As projeções não consideram apenas as receitas tributárias. Haverá queda expressiva também, advertem os técnicos, na arrecadação com royalties do petróleo, com concessão de serviços públicos, com venda de ativos, com dividendos de empresas estatais, entre outros itens.

A projeção da receita com royalties que consta do Orçamento, por exemplo, foi feita com base no preço médio do barril do petróleo em torno de US$ 58 por barril. A cotação do produto está abaixo de US$ 30 por barril. No caso de dividendos, a projeção é de uma receita de R$ 6,5 bilhões, mas o governo não sabe se as estatais federais terão recursos para pagar dividendos ao Tesouro.

Uma das medidas anunciadas pelo governo para o combate aos efeitos negativos do coronavírus sobre as empresas foi o diferimento das contribuições ao PIS, Pasep e Cofins, bem como da contribuição previdenciária patronal, que incide sobre a folha de pagamento. Pela medida provisória, os empresários só pagarão as quatro contribuições relativas a abril e maio em agosto e outubro.

O problema é que ninguém sabe se as empresas terão caixa em agosto e em outubro para pagar os tributos do mês em curso e os atrasados. Se não tiverem, a área técnica do governo estima que haverá perda de cerca de R$ 100 bilhões na arrecadação deste ano. Há também a possibilidade de que o diferimento seja estendido para junho e julho, dependendo da evolução da crise.

A área técnica também prevê uma queda muito expressiva da receita do ICMS, o principal tributo estadual, e do ISS, o imposto dos municípios. A razão para isso é que o setor terciário (comércio e serviços) será o mais afetado. A Medida Provisória 938 concedeu uma ajuda financeira de R$ 16 bilhões aos Estados e municípios. Como também não tem receita suficiente, o Tesouro vai se endividar para obter os recursos.
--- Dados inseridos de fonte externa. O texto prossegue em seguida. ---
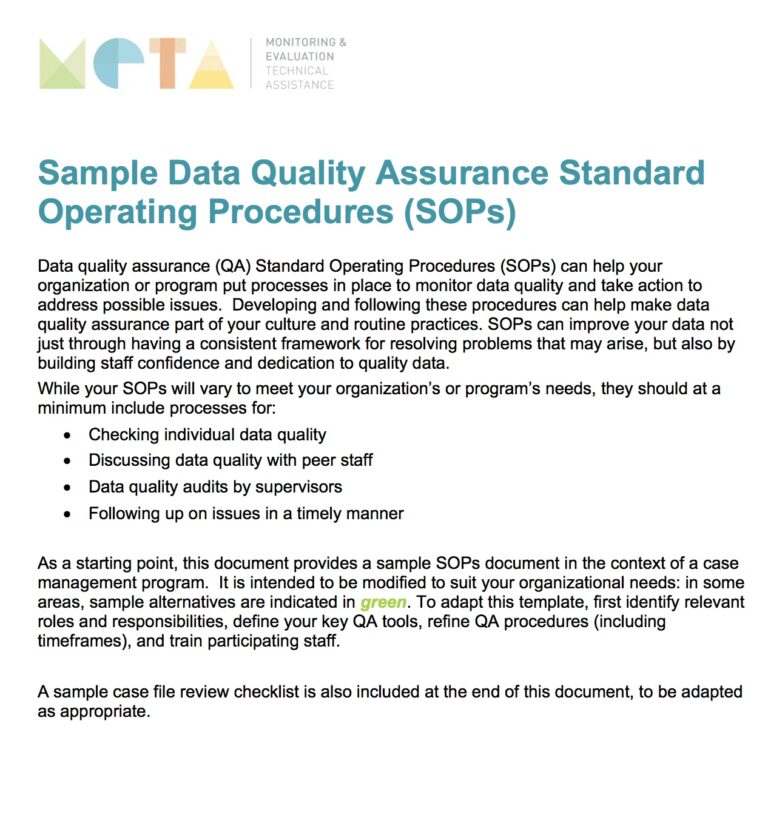 Sample Data Quality Assurance Standard Operating Procedures (SOPs)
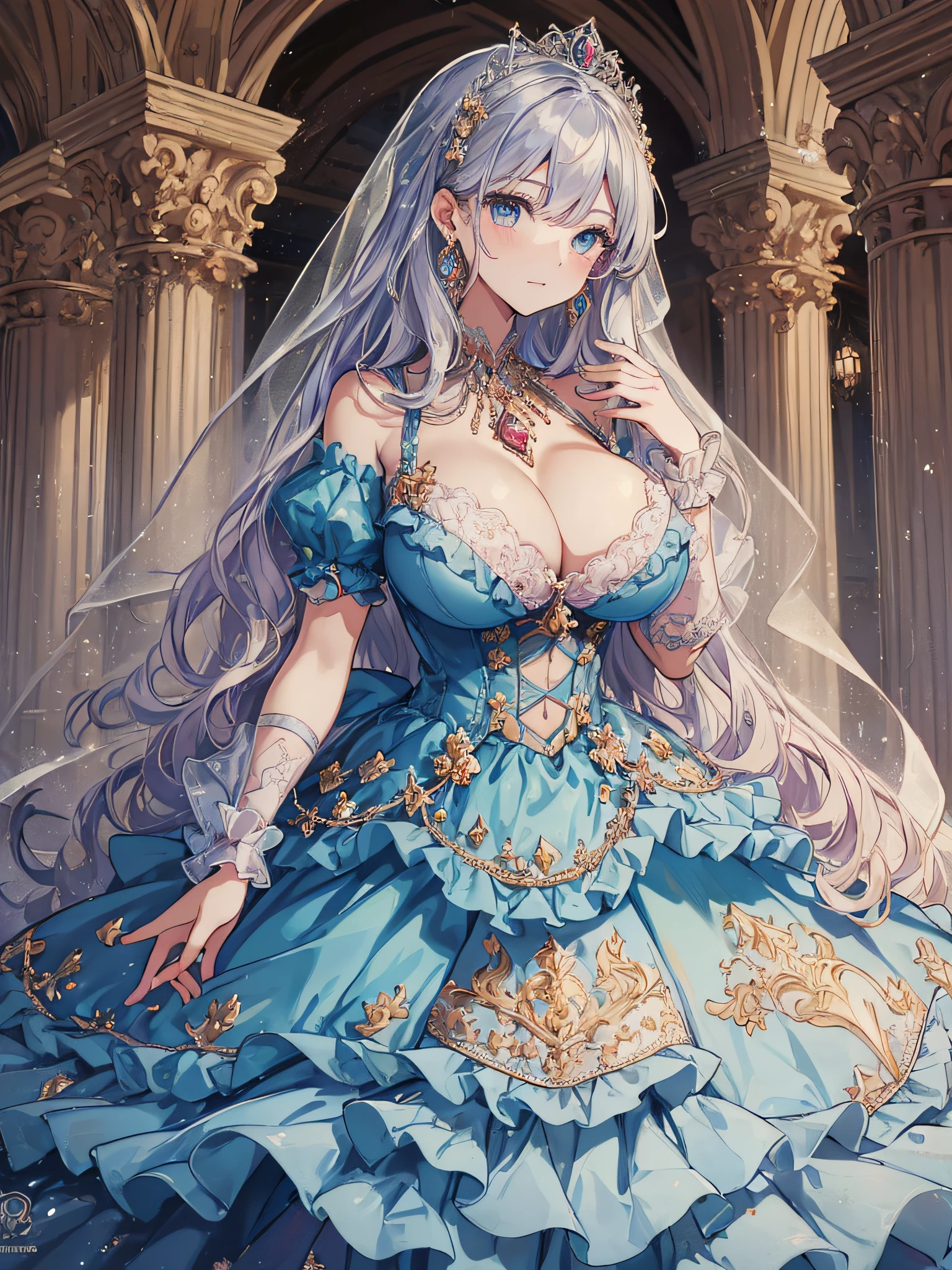 ((anime artstyle)),(Masterpiece),(Best Quality), (Super Detail),((Very Delicate and Beautiful)),1 girl,((full body portrait)),standing in palace of versailles,((solo)),cute,kawaii,digital art,(((1 princess in gorgeous princess rococo ballgown with voluminous full length hoop skirt))),((crinoline)),long train,((beautiful embroidery and jeweled)),voluminous frills,See-through,(gorgeous embroidery and beautiful lace),(((gigantic tits,Long tits,skindentation))),((large amount of straight hair,extremely voluminous Hair,Very Long Straight Hair)),((finely detailed face and eyes)),clear pupil,extremely gorgeousfull hair ornament,(bling-bling jeweled extremely gorgeousfull tiara),(bling-bling gorgeous gemstone jewelry),long veil,(beautiful background),full body,((gorgeous princess rococo ballgown with voluminous full length hoop skirt))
A ajuda da União é uma forma de compensar a queda esperada na receita do Imposto de Renda e do Imposto sobre Produtos Industriais (IPI), que são compartilhados com os governos estaduais e prefeituras, por meio dos Fundos de Participação dos Estados (FPE) e do municípios (FPM). Mas o montante oferecido pelo governo federal poderá ser insuficiente, pois alguns Estados, como o Rio de Janeiro, terão forte queda da receita com royalties do petróleo.

A principal dificuldade para fazer a estimativa de queda da arrecadação, explicaram os técnicos, é que a crise atual “quebra a série histórica” usada para calcular a relação entre a receita e o Produto Interno Bruto (PIB), que é chamada de elasticidade receita/PIB. É com base nessa elasticidade que é estimada a redução da receita quando o PIB cai ou sobe.

Um evento de um grande impacto, como é o caso da crise do novo coronavírus, altera os parâmetros utilizados para projetar o futuro e, dessa forma, os modelos utilizados tendem a ser revistos. Até agora, os modelos utilizados pelo governo indicam que, para uma queda de 1% do PIB, a arrecadação de tributos é reduzida em R$ 7,1 bilhões.

A percepção da área técnica é que essa relação mudou. “Na atual situação, a receita vai cair muito mais do que o PIB”, disse um importante técnico do governo. “Mas ninguém consegue avaliar com clareza o que vai acontecer com a receita”, acrescentou. “Sabemos apenas que ela terá uma queda muito forte.”

No relatório de avaliação de receitas e despesas, relativo ao primeiro bimestre, o governo já reduziu a receita total da União neste ano em R$ 32,7 bilhões, na comparação com a projeção que consta do Orçamento. Isso antes da queda da receita verificada em fevereiro e da crise provocada pelo novo coronavírus.